Beneath this instruction is a listing; print exactly the lines in it starting at the line that contains "New 2026 Mercedes-Benz" and going through the line that contains "Toyota Innova 2014 Diesel 245000 Km Driven".

**Record set**:
--- START ---

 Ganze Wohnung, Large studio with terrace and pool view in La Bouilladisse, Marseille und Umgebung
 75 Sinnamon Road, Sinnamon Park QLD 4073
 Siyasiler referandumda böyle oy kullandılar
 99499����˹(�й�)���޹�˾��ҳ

--- END ---
--- START ---

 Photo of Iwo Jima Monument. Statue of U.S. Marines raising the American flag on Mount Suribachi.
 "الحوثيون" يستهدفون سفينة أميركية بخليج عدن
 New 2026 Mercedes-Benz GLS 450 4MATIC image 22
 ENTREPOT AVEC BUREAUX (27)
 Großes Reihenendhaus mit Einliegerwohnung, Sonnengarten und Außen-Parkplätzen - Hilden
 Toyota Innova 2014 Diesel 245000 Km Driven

--- END ---
--- START ---

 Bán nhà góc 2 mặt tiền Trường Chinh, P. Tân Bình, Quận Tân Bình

--- END ---

**Exercise answer**:
 New 2026 Mercedes-Benz GLS 450 4MATIC image 22
 ENTREPOT AVEC BUREAUX (27)
 Großes Reihenendhaus mit Einliegerwohnung, Sonnengarten und Außen-Parkplätzen - Hilden
 Toyota Innova 2014 Diesel 245000 Km Driven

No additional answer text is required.